But they’re shooting at “Rodents of Unusual Size,” the destructive “swamp rat” named nutria. So any cringing at all this shooting, trapping, skinning and lopping off the tails of untold hundreds of thousands is minimized, or at least dulled by repetition.

Here’s a nature documentary set in “Beasts of the Southern Wild” country, the coastal wetlands of Louisiana, fast disappearing due to oil and gas exploration, drilling, pumping and canal digging, by Missisippi River mismanagement on a vast scale, and due to the incursions of a 20 pound beaver-toothed rodent imported from South America, the bane of coastal marshlands across the planet.

A whimsical animated opening (narrated by Wendell Pierce) recounts “a tale crazier’n Hell,” about nutria — how a few folks, encouraged by the state, imported the Argentinian rodents in the 1930s to broaden Louisiana’s fur industry.

The most famous importer, and the one who gets most of the blame (not all of it deserved), is E.A. McIllhenny, scion of the Tabasco Sauce empire. Nobody messing with nutria knew what they were dealing with, and keeping them penned up while they bred like their fellow rodents — rats and rabbits — was a challenge.

Which the nutria entrepreneurs abandoned, loosing their stock into the state’s marshes “to aid the state’s fur industry.”

As the fur is quite soft and pretty, that worked out — sort of. A LOT of people trapped and sold nutria for their fur. Until “Fur is Murder”  sea change of the 1980s. The market collapsed, and battered wetlands, broken by river-dredging, river traffic and the canals dug by the state’s rampant oil and gas exploration, were beseiged from below. Nutria love marsh greenery. And they dig burrows that flood and collapse the landscape they’ve denuded.

Generations of water folk who had used nutria trapping as a winter source of income were broke, and losing the land literally under their feet. So the state went after nutria with a vengeance — a $5 bounty on every nutria tail.

As much as this fifth generation Cajun or umpteenth generation Native American waterman (and the occasional woman) declare that they were taught “never to kill something unless you make something with it,” that’s just what they’re doing.

Tails cut off, fur-covered corpses with big orange teeth and a meat not unlike rodents we eat (rabbit) tossed back into the swamp.

If the carnage of “nutria skinning contests” doesn’t turn you off, the sheer waste just might.

But filmmakers Chris Metzler, Jeff Springer (they did “Plagues and Pleasures of the Salton Sea”) and editor/co-director Quinn Costello turn this documentary about a necessary evil — Louisiana IS washing away, after all, and they’re NOT going after the oil and gas industries, so — into a serio-comic essay on the duality of man — redneck man, anyway.

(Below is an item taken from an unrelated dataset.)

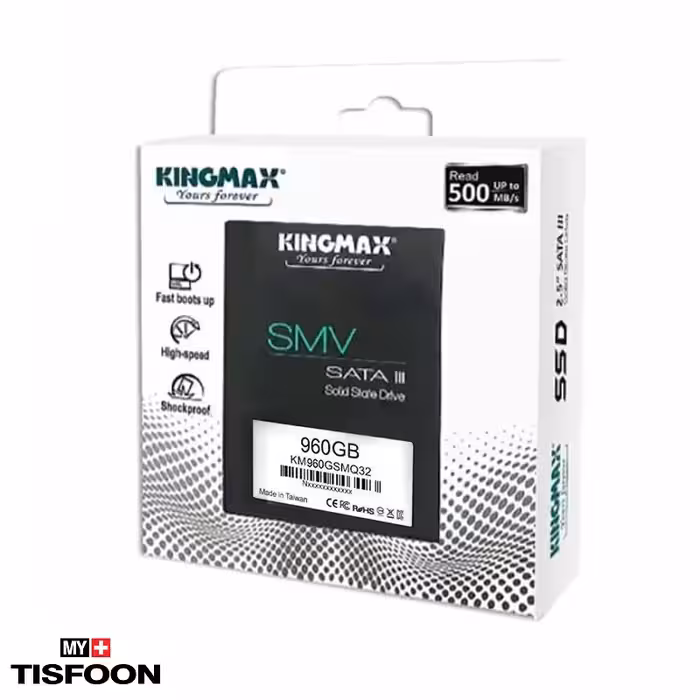 اس اس دی کینگ مکس مدل KINGMAX KM960GSMV32 ظرفیت 960 گیگابایت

But as wildlife officials lecture about the utter necessity of scaling back the nutria population (still in the millions), as a state employee who tries to trap nutria out of the canals of New Orleans itself (levees and bridge foundations are being undermined), as hunters efficiently take their .22s to their shoulders and pick off another quarry and old-timers tally their day’s count with the state tail-tally assessor, we sense their grudging admiration for the critters.

You’re not getting anybody in North America to eat the meat (again “rabbit”) without major rebranding (the filmmakers named their production company “Tilapia,” after a re-branded trash fish). But the fur has the “sustainable” cachet.

There’s a Fur Queen Beauty Pagent, the nutria is a newly-hip sports mascot down on the bayou and one hunter’s even taken a nutria as a cuddly “high maintenance” pet.

So whatever outsiders might think of the carnage, or the acceptable hatred of an “invasive species,” the locals seem to have reached their peace with the invader, even if they’re not keeping them as pets or adding them to their gumbo.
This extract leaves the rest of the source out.